Data items

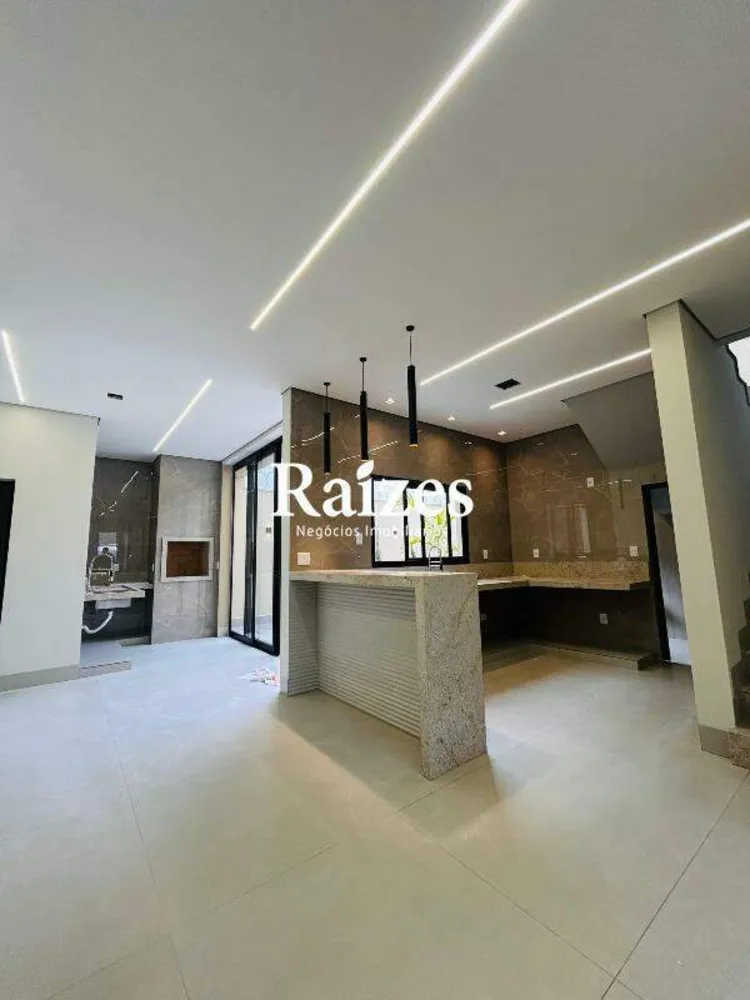 Casa, 3 quartos, 168 m² - Foto 1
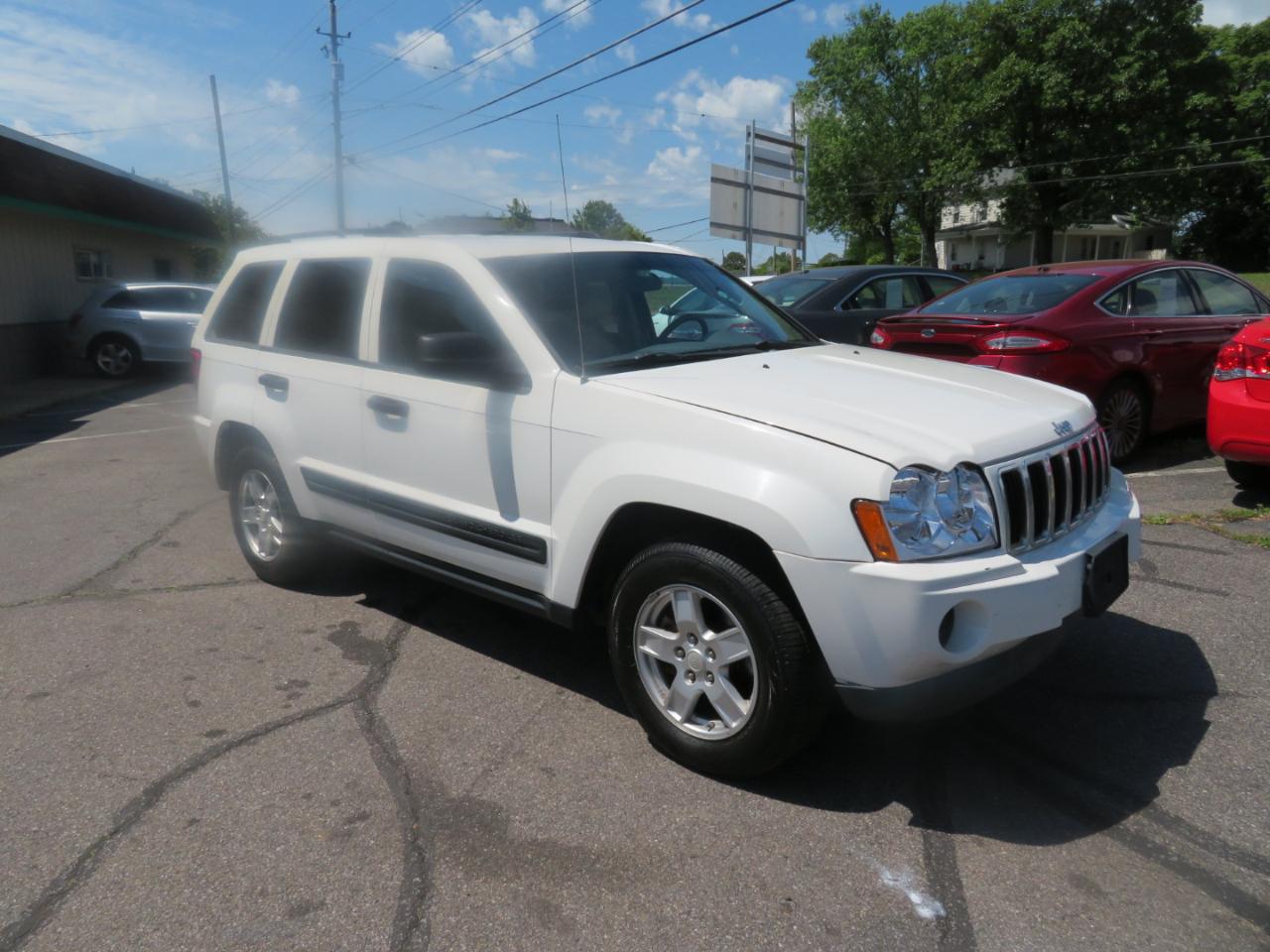 Jeep Grand Cherokee Laredo 4WD 2006
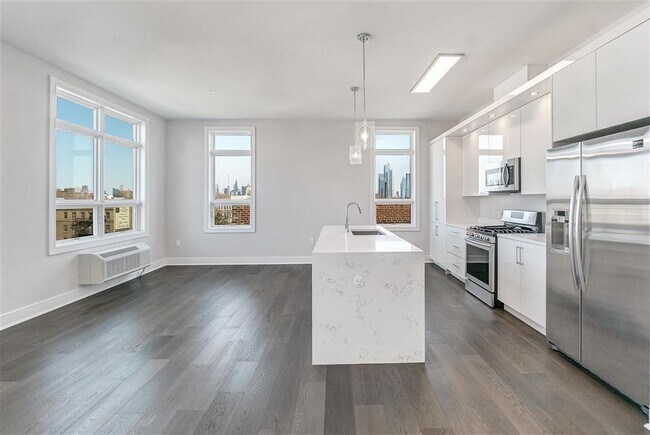 Building Photo - 119 Peter St Unit 604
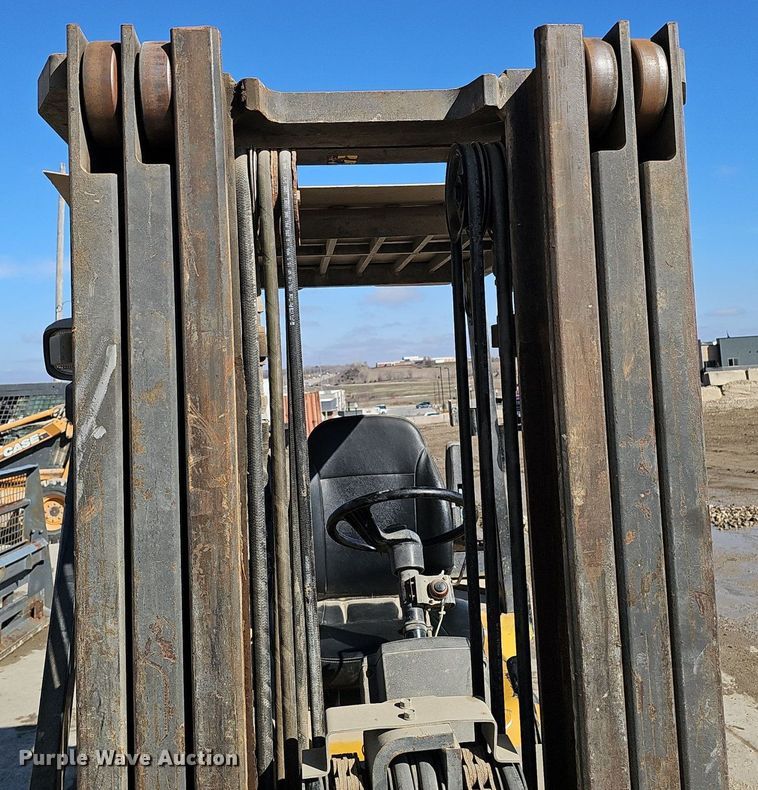 Caterpillar DP30 forklift in Elkhorn, NE | Item DQ8578 sold | Purple Wave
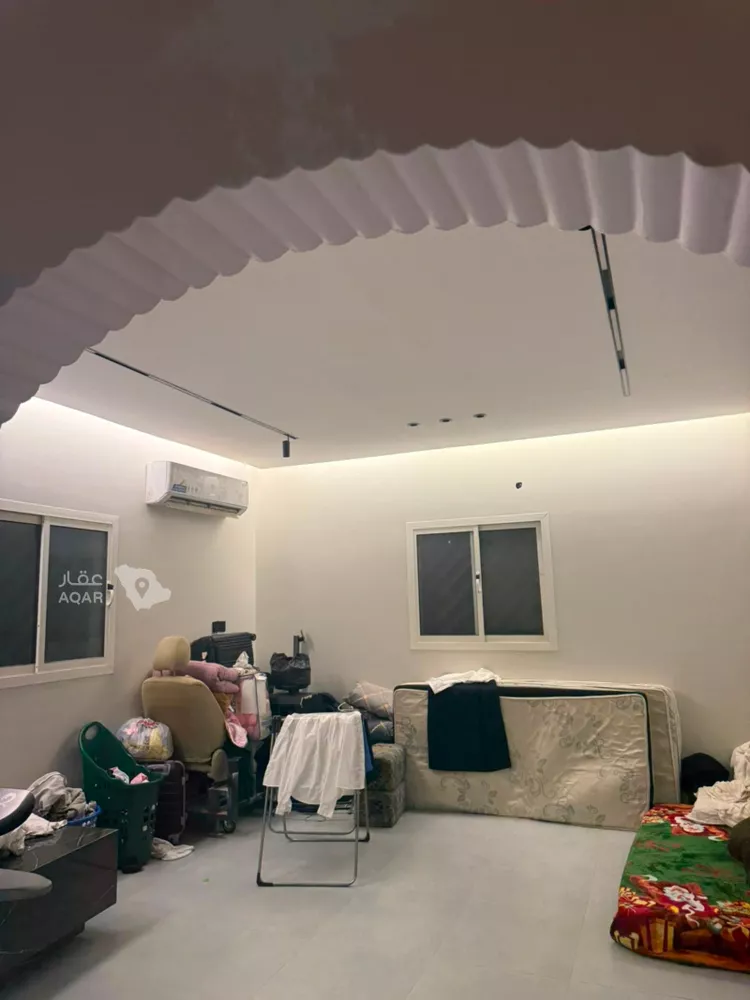 فيلا للبيع في شارع البلقاء, حي المونسية, مدينة الرياض, منطقة الرياض 12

■ ASSIGNMENT
Retype the records in full. Do not carry over the images.

■ TASK RESPONSE
 Casa, 3 quartos, 168 m² - Foto 1
 Jeep Grand Cherokee Laredo 4WD 2006
 Building Photo - 119 Peter St Unit 604
 Caterpillar DP30 forklift in Elkhorn, NE | Item DQ8578 sold | Purple Wave
 فيلا للبيع في شارع البلقاء, حي المونسية, مدينة الرياض, منطقة الرياض 12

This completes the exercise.